**DIRECTIONS FOR THIS TASK:** Using the data below, return the stretch from the line that contains "My New Family" through the line that contains "golden blur background, holiday texture", both included, exactly as it stands and nothing beyond it.

Segment Start: SOURCE DATA

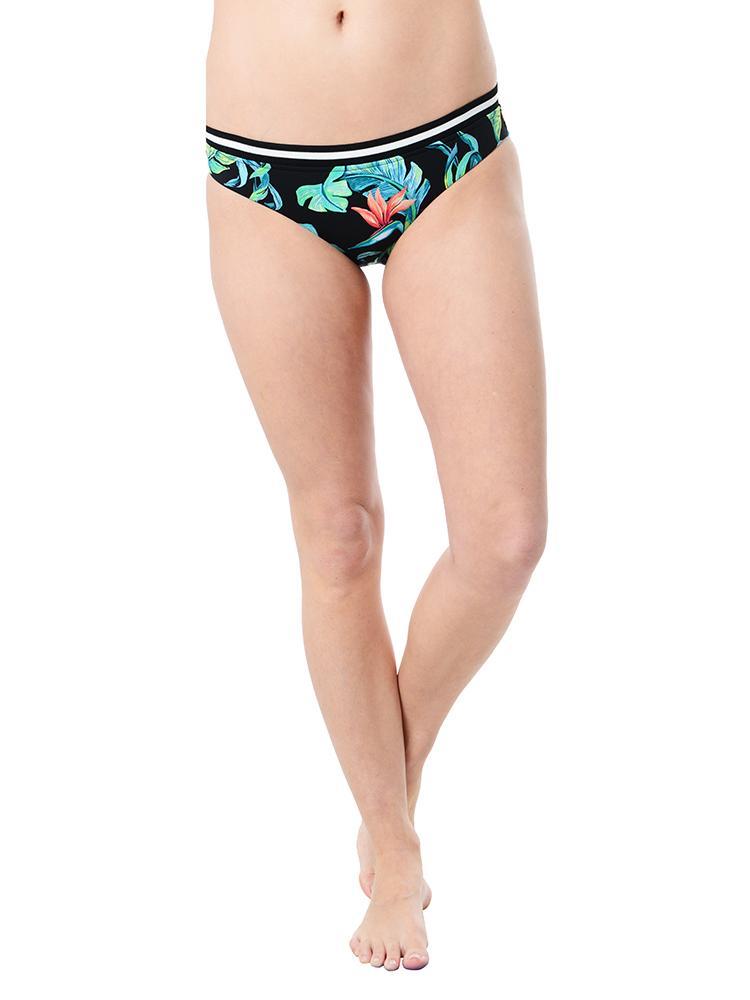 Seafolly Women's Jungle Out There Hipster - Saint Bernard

Segment End: SOURCE DATA
Segment Start: SOURCE DATA

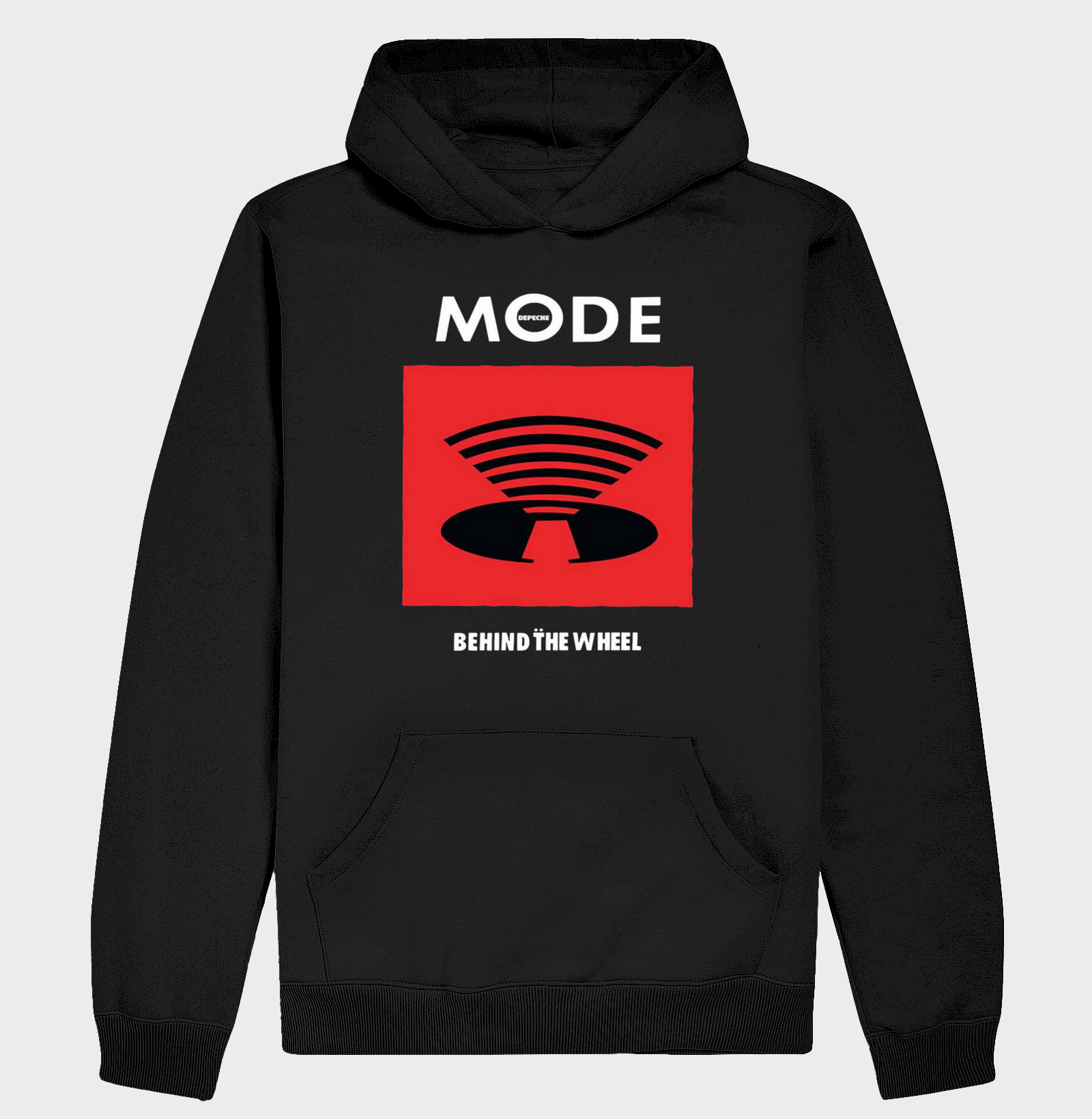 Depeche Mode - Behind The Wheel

Segment End: SOURCE DATA
Segment Start: SOURCE DATA

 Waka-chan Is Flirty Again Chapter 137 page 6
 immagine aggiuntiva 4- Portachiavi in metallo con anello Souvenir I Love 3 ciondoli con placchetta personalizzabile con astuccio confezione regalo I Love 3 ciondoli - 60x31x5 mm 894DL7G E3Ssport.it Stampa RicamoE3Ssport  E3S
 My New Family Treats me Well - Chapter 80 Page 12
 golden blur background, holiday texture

Segment End: SOURCE DATA

**ANSWER TO THIS EXERCISE:**
 My New Family Treats me Well - Chapter 80 Page 12
 golden blur background, holiday texture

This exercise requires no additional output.